Jon Corzine, the former chief executive of the

Jon Corzine, the former chief executive of the now bankrupt MF Global Holdings is being sued for what is called lax controls and risky practices. His attorney called the suit "a clear case of Monday morning quarterbacking." (Credit: AP, 2011)

The trustee in the MF Global Holdings bankruptcy case has sued ex-chief executive Jon Corzine and other former executives, alleging that they pushed the company into risky practices that ultimately led to its collapse.

The lawsuit, filed Monday in bankruptcy court in New York, says Corzine and two other top executives "dramatically changed" the company's business plan after he became chief executive in 2010. They then failed to update controls and other systems that were already weak, the lawsuit says.

Corzine pushed the company into making big bets on bonds issued by European countries, the lawsuit says, a move that proved disastrous during the implosion of the debt crisis the following summer. MF Global collapsed in October 2011.

Tuesday, a spokesman for Corzine called the lawsuit "a clear case of Monday morning quarterbacking." The spokesman said the lawsuit intentionally ignored the fact that some of MF Global's trading partners failed and didn't pay what they owed to MF Global.

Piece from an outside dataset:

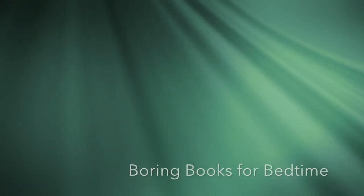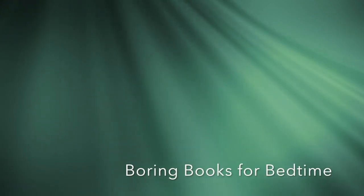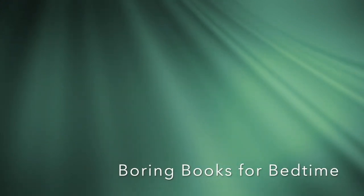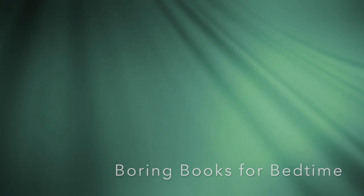Good evening, and welcome to Boring Books for Bedtime. I hope tonight's installment provides all the boredom your busy brain needs to quiet down and let you get some sleep for once.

According to the lawsuit, however, the company's controls were so poor that it couldn't determine its liquidity levels in real time. It portrays Corzine and others as aware of the risks but purposefully ignoring them.

Corzine, who stepped down as MF Global chief executive soon after the collapse, is the former co-chairman of Goldman Sachs, a former Democratic U.S. senator and the former governor of New Jersey.

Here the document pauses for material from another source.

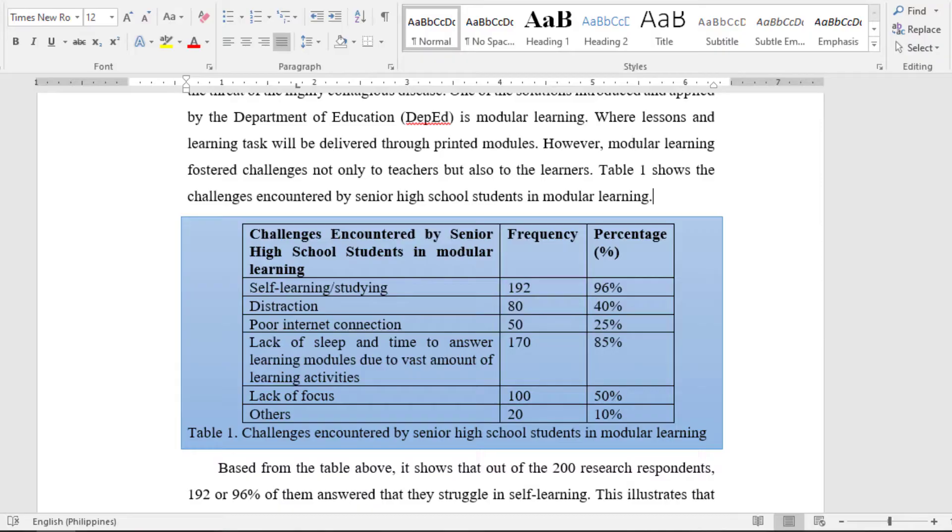Now that I am done introducing the statement of the problem, I am ready to present the table showing the results — what are the challenges encountered by senior high school students in modular learning? However, as you can see, the table cannot speak for itself. It only shows numbers. As a researcher, you have to discuss these numbers for your readers to understand and make sense of the findings. You only need to explain the main points of the table, not the whole thing.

The lawsuit is notable not because of any significant revelations but because it represents an escalation in the battle between Corzine and the bankruptcy trustee, former FBI director Louis Freeh.

Freeh is overseeing the wind-down of MF Global Holdings, which means he is trying to recover money for creditors.

The suit seeks "damages in an amount to be determined at trial" and "other and further relief as the court deems appropriate."